◆ **WORK ORDER**:
Here the job is to transcribe the data verbatim while leaving each picture out.

◆ **DATA BELOW**:
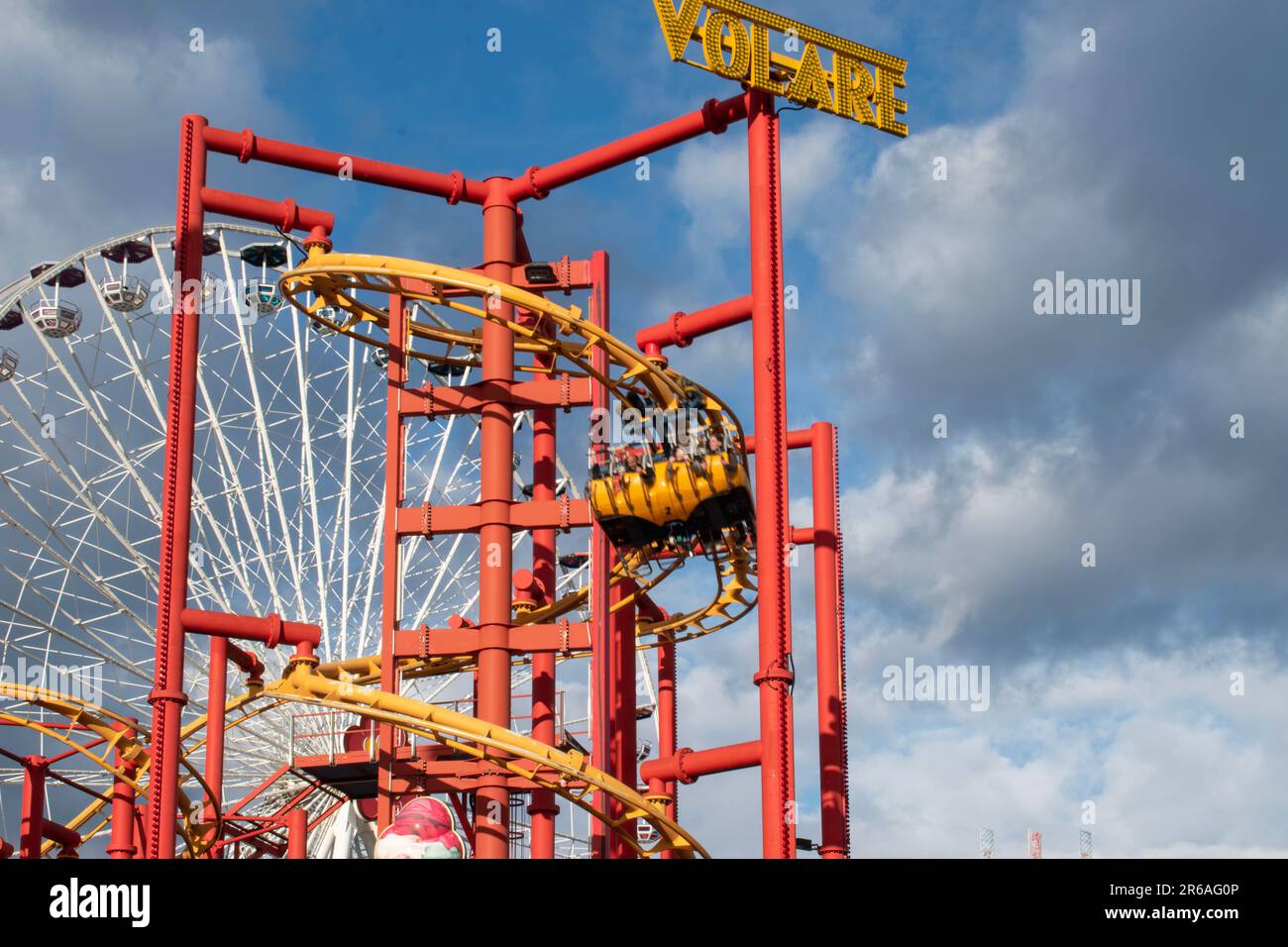 vienna, austria. 25 aprile 2023 emozioni e colpi di scena esplorando le delizie delle montagne russe del parco divertimenti prater a vienna, austria Foto Stock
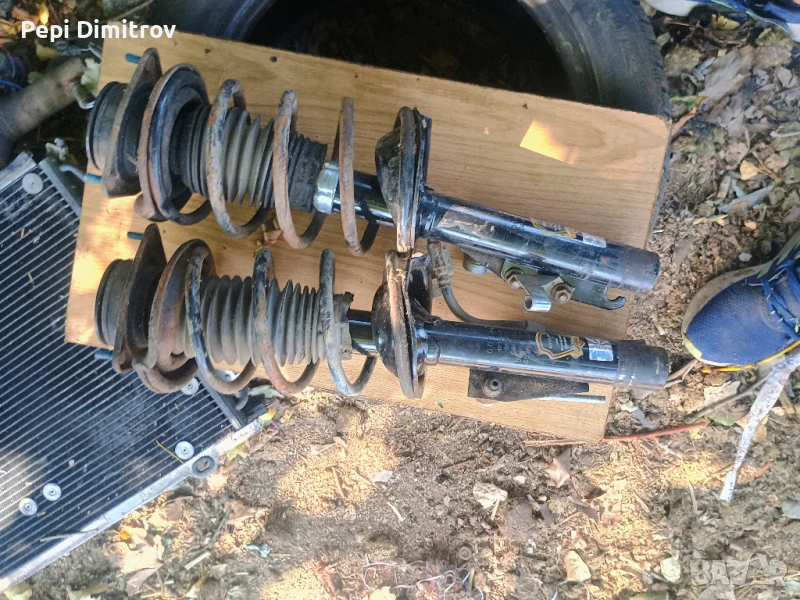 Предни амортисьори Десен фар за Ford Escort VII Estate (01.1995 - 02.1999), снимка 1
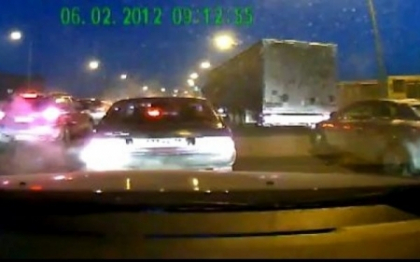 VIDEO. Imagini apocaliptice intr-un oras din Rusia. Ce a surprins un sofer in trafic VIDEO. Imagini apocaliptice intr-un oras din Rusia. Ce a surprins un sofer in trafic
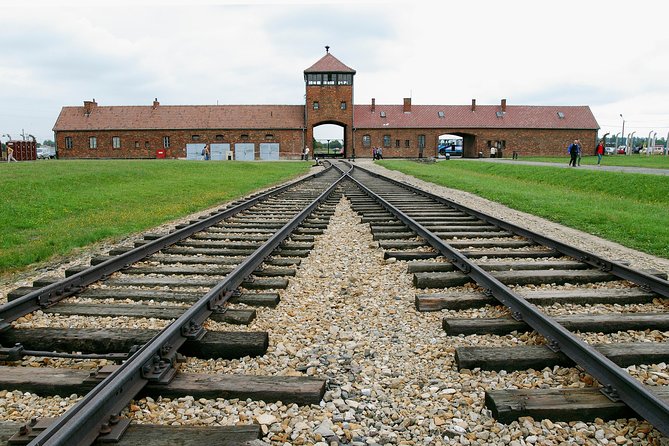 Auschwitz-Birkenau and Wieliczka Salt Mine Day Tour from Krakow with private car - Why this Auschwitz and Wieliczka combo makes sense from Krakow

◆ **RESULT OF THIS EXERCISE**:
 vienna, austria. 25 aprile 2023 emozioni e colpi di scena esplorando le delizie delle montagne russe del parco divertimenti prater a vienna, austria Foto Stock
 Предни амортисьори Десен фар за Ford Escort VII Estate (01.1995 - 02.1999), снимка 1
 VIDEO. Imagini apocaliptice intr-un oras din Rusia. Ce a surprins un sofer in trafic VIDEO. Imagini apocaliptice intr-un oras din Rusia. Ce a surprins un sofer in trafic
 Auschwitz-Birkenau and Wieliczka Salt Mine Day Tour from Krakow with private car - Why this Auschwitz and Wieliczka combo makes sense from Krakow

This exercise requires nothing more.